Saturday, 1 November, 2008 , 14:27
The cause of the explosion at the local offices of Erdogan's Justice and Development Party -- in the city Hakkari, close to the border with Iraq and Iran -- was not immediately clear.
Several ambulances were dispatched to the area while police cordoned off the blast site, the Anatolia news agency reported.
The blast coincided with clashes between Kurdish demonstrators and police as Erdogan visited the eastern city of Van.
Fighting erupted when the demonstrators, numbering a few hundred, refused orders to disperse, pelting officers with stones and Molotov cocktails and setting fire to seven vehicles, a local security source said.
Police responded with tear gas and warning shots into the air.
A police officer and a civilian were injured in the scuffles, while several demonstrators -- mostly supporters of the country's main Kurdish party, the Democratic Society Party (DTP) -- were detained.
Speaking to a large crowd just 150 metres (164 yards) from where the scuffles took place, Erdogan brushed aside the protests and pledged steps to increase the prosperity of the Kurdish community.

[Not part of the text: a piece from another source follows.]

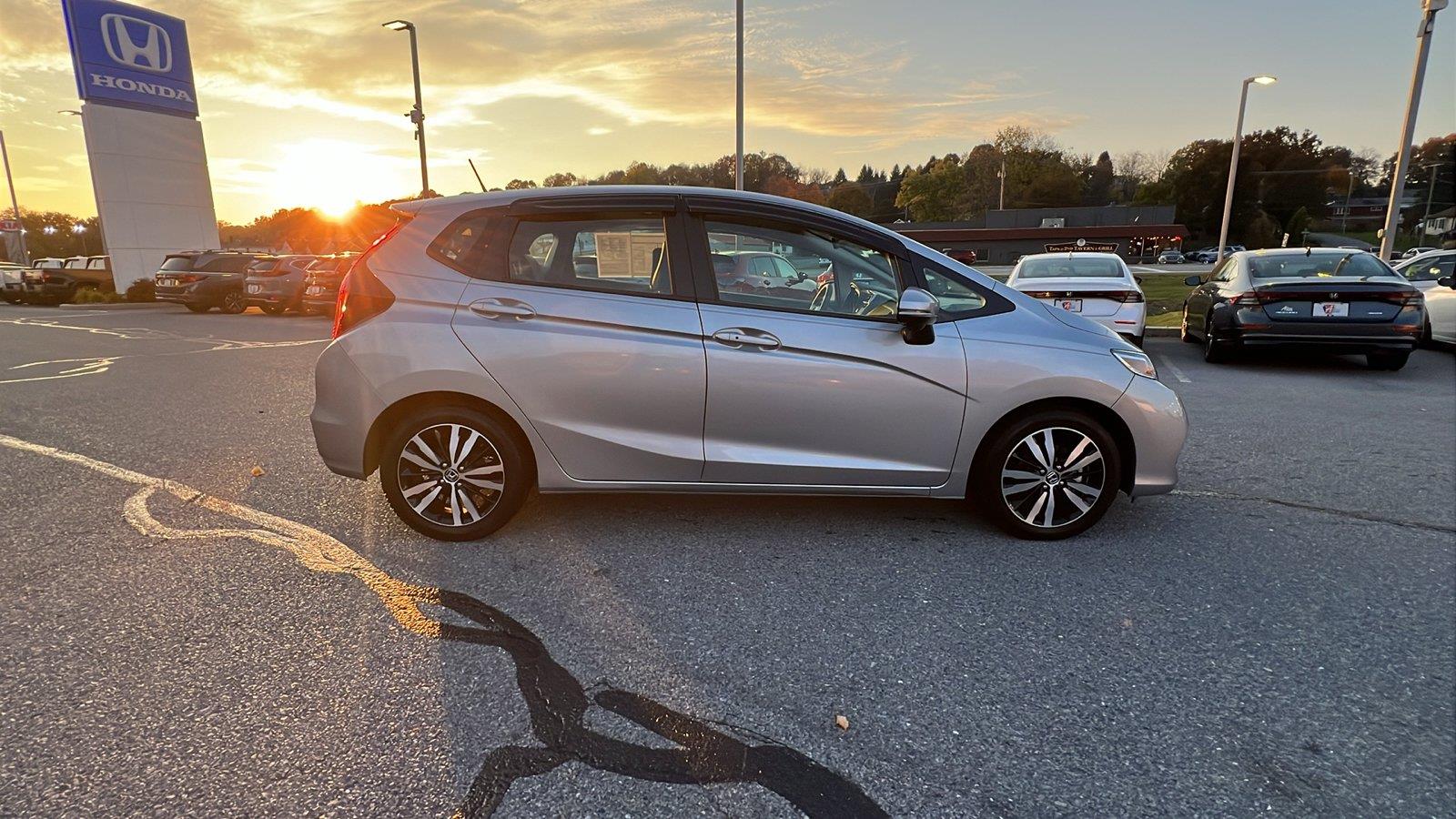2018 Honda Fit photo 3 of 31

"I visit and will visit every centimetre of this country.... We bring love, peace, fraternity and welfare to all the places that we visit," Erdogan told the cheering crowd in televised remarks at a ceremony to inaugurate a government housing project.
The Turkish prime minister will leave the city later Saturday after talks with local officials, party members and non-governmental organizations.

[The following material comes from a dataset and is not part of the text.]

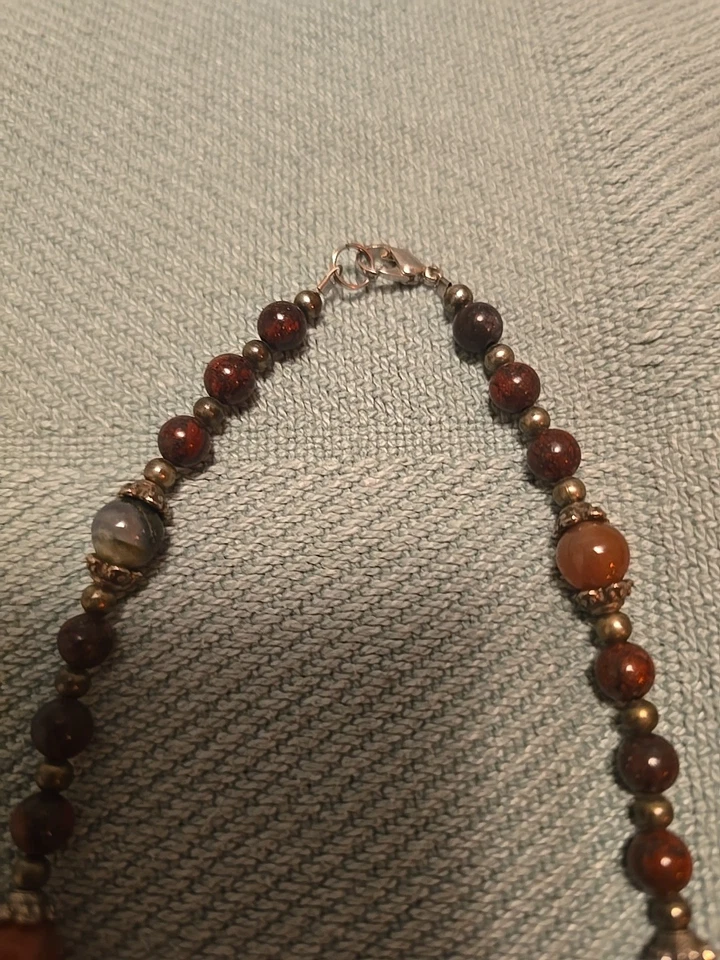 Collar artesanal de piedras semipreciosas tonos tierra Foto 3 de 4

In a separate protest, also organized by the DTP, some 4,000 Kurds launched a two-day sit-in protest in Diyarbakir, the main city in Turkey's mainly Kurdish southeast, to denounce government policies against Kurds and the alleged mistreatment of Kurdish rebel leader Abdullah Ocalan.
Police beefed up security measures around the square where the protest was held, but the situation was calm, an AFP correspondent said.
There were violent Kurdish protests across the country last month after Ocalan's lawyers claimed he had been assaulted by a guard and threatened with death in his cell.
Ocalan is the sole inmate on the prison island of Imrali, northwestern Turkey.
The Turkish government has denied the allegations.
Ocalan is the leader of the outlawed Kurdistan Workers' Party (PKK) which has been fighting for self-rule in Turkey's south and southeast since 1984. The conflict has claimed some 44,000 lives.
Arrested in Kenya in 1999, Ocalan, 60, was condemned to death, but the sentence was commuted to life imprisonment in 2002 after Turkey abolished capital punishment.
The Turkish military has recently stepped up operations against the PKK both inside Turkey and in neighbouring northern Iraq, where Ankara charges some 2,000 rebels take refuge.